Infine, a prescindere da quanto è avvenuto alla Dakar, senti di essere un pioniere per molti piloti e sportivi (o aspiranti tali) che hanno a che fare con una disabilità?

«Beh mi sentivo un pioniere anche prima, perché da alcuni anni a questa parte ho rotto un po’ gli schemi, però effettivamente sì, ho aperto una porta. E mi auguro che siano in tanti ad aprire questa porta, e seguire un percorso del genere, che sia su una moto da strada o qualunque mezzo. L’importante è seguire le proprie passioni. Io ero un pilota prima dell’incidente e sono tornato al mio mestiere in seguito: permettimi il paragone, ma il ragionier Filini della situazione che non è mai andato in moto, magari ha avuto un incidente, resta paraplegico e mi dice “voglio andare in moto, voglio provare il fuoristrada”, allora la vedo dura, perché soprattutto per l’off road devi avere tantissima esperienza.
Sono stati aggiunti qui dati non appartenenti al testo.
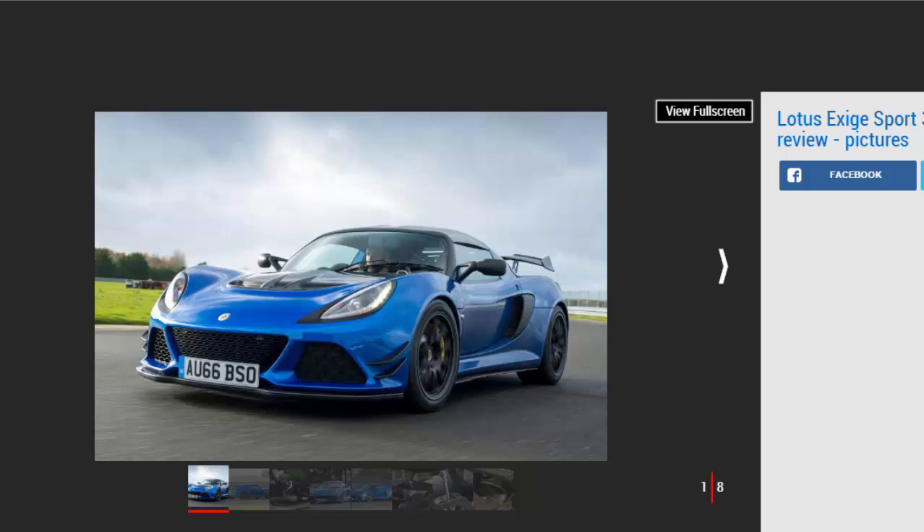And, in all honesty, as sublime as it is, you'll be having just as much fun in the cheaper 350.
In ogni caso sono felice del seguito che ho, penso ai tanti ragazzi che mi sostengono come quelli del team Diversamente Disabili che portano in pista piloti amputati o in carrozzella [tra l’altro i ragazzi che fanno parte di questa squadra corrono dal 2013 nelle classi 600 e 1000 STK del Bridgestone Champions Challenge, facente parte del circuito Coppa Italia FMI e scendendo in pista con i normodotati, ndr]. Recentemente mi sono sentito con un ragazzo che ha avuto un incidente qualche anno dopo di me ed è stato ricoverato nel mio stesso reparto: gareggiava con la motocross ed ora l’ha ripresa, vuol provare anche con il freestyle… Sai è tanta energia buona, pulita, che dà l’esempio ad altri. Così non si sta fermi, seduti su una sedia a rotelle, aspettando che la vita ti passi davanti.

Ad un giornalista giapponese che mi ha rivolto qualche giorno fa una intervista e che mi chiese qual era la cosa più difficile sperimentata in questi anni, io ho risposto la burocrazia. È quello che ti ammazza; per il resto, se una cosa ce l’hai in testa, la fai».